— Your objective —
Please state how many lines of the data below contain the word "Silver", offering nothing besides the number.

— Records —
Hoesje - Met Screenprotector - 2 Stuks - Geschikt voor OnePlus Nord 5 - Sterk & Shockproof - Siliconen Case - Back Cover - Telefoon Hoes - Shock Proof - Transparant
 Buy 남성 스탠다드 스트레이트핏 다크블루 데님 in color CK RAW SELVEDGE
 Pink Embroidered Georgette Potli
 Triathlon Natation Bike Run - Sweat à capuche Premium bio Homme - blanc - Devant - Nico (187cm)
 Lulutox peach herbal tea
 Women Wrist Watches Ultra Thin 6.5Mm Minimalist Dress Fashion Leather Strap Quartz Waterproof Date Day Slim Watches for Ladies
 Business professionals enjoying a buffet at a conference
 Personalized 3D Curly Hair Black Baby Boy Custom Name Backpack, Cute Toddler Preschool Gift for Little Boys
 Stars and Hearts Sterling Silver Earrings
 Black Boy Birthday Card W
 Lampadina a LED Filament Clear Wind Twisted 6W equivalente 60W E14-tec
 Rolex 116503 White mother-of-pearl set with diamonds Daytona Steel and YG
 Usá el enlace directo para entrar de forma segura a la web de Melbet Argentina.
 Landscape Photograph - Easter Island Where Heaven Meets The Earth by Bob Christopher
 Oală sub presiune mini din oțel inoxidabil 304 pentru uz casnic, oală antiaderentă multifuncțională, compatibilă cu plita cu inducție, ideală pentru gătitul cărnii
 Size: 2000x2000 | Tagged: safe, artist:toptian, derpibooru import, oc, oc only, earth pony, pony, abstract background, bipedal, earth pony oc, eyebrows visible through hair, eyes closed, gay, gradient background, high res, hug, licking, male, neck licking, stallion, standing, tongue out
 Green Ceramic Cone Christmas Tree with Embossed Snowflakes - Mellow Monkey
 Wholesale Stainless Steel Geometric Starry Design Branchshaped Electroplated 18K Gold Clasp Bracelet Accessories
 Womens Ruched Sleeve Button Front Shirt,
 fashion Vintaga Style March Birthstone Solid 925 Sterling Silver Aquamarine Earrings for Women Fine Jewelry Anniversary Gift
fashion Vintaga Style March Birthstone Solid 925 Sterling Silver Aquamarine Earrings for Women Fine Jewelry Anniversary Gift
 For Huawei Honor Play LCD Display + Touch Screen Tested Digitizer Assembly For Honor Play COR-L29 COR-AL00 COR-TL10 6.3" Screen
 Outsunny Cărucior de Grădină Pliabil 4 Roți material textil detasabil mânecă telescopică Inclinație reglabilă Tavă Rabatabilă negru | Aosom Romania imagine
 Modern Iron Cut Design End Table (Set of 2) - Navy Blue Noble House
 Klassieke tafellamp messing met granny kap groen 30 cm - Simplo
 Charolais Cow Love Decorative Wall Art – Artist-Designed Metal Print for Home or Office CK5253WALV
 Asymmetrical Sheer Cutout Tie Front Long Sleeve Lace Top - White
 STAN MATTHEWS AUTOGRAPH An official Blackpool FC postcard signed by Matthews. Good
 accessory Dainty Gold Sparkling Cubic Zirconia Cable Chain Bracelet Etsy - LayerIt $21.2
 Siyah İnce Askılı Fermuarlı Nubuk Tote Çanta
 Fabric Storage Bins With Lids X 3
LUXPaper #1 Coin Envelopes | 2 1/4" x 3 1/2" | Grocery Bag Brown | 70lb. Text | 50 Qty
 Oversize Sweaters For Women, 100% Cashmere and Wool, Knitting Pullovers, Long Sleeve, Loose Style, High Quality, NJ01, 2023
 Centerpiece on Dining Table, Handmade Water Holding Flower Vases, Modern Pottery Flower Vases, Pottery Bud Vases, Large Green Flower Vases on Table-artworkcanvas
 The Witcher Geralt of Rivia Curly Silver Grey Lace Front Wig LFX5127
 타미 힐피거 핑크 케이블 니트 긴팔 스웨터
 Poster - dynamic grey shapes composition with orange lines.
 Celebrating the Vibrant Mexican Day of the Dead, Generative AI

— Answer area —
4